4. Erroneous Delivery.  Erroneous delivery will not terminate jurisdiction. United States v. Garvin, 26 M.J. 194 (C.M.A. 1988) (premature delivery of a BCD certificate); United States v. Brunton, 24 M.J. 566 (N.M.C.M.R. 1987) (early delivery of discharge, in violation of Navy regulations, meant discharge was not effective on receipt).

5. Post-arraignment Discharge.  A valid discharge of a soldier prior to trial operates as a formal waiver and abandonment of court-martial in personam jurisdiction, whether or not such jurisdiction had attached prior to discharge. Smith v. Vanderbush, 47 M.J. 56 (C.A.A.F. 1997).  In personam jurisdiction was lost when accused was discharged after arraignment but before lawful authority resolved the charges.  The court considered the intent of the discharge authority and found that there was no evidence to show that the discharge authority (not CA) did not intend to discharge accused on his ETS.  In determining a valid discharge the court considered:  1) delivery of discharge certificate; 2) final accounting of pay; and 3) intent of discharge authority.  Note: AR 27-10, para 5-16 (11 May 2016), now provides that after any charge is preferred, the DD Form 458 will automatically act to suspend all favorable action and that any issuance of a discharge certificate is void until the charge is dismissed or the convening authority takes initial action on the case (thus avoiding the issue raised in Smith v. Vanderbush).

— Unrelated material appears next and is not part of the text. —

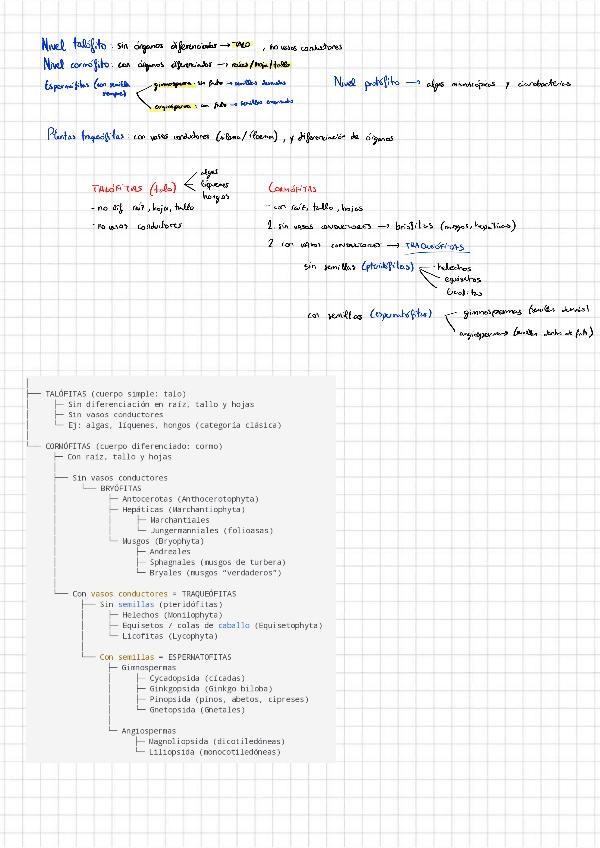 Miniatura del documento Conceptos251117103317.pdf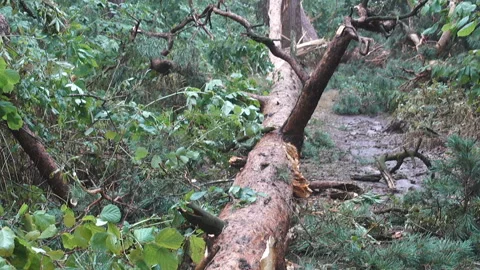 Broken fallen tree trunk in the forest Video stock 201029083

6. Post-conviction Discharge

a) Effect on Appellate Review and Power of Convening Authority

(1) Steele v. Van Riper, 50 M.J. 89 (C.A.A.F. 1999).  After a court-martial conviction, but before the convening authority took action, the government honorably discharged the accused.  When the convening authority finally took action, he approved the findings and sentence (which included a punitive discharge), declared that the honorable discharge was erroneous, and placed the accused in an involuntary appellate leave status.  The accused challenged the invalidation of his honorable discharge.  In a supplemental brief, the government concurred.  As such, the CAAF denied the accused’s writ-appeal, but advised that the honorable discharge does not affect the power of the convening authority or appellate tribunals to act on the findings and sentence.  See also United States v. Stockman, 50 M.J. 50 (C.A.A.F. 1998). 

(2) United States v. Davis, 63 M.J. 171 (C.A.A.F. 2006).  Held:  Where the appellate courts are invoked by an appellant and a rehearing is authorized, an intervening administrative discharge does not serve to terminate jurisdiction over the person of the accused for purposes of that rehearing.  The power of the court-martial over appellant was established at his initial trial, and the intervening administrative discharge does not divest the appellate courts of the power to correct error, order further proceedings, and maintain appellate jurisdiction over the person during the pendency of those proceedings. 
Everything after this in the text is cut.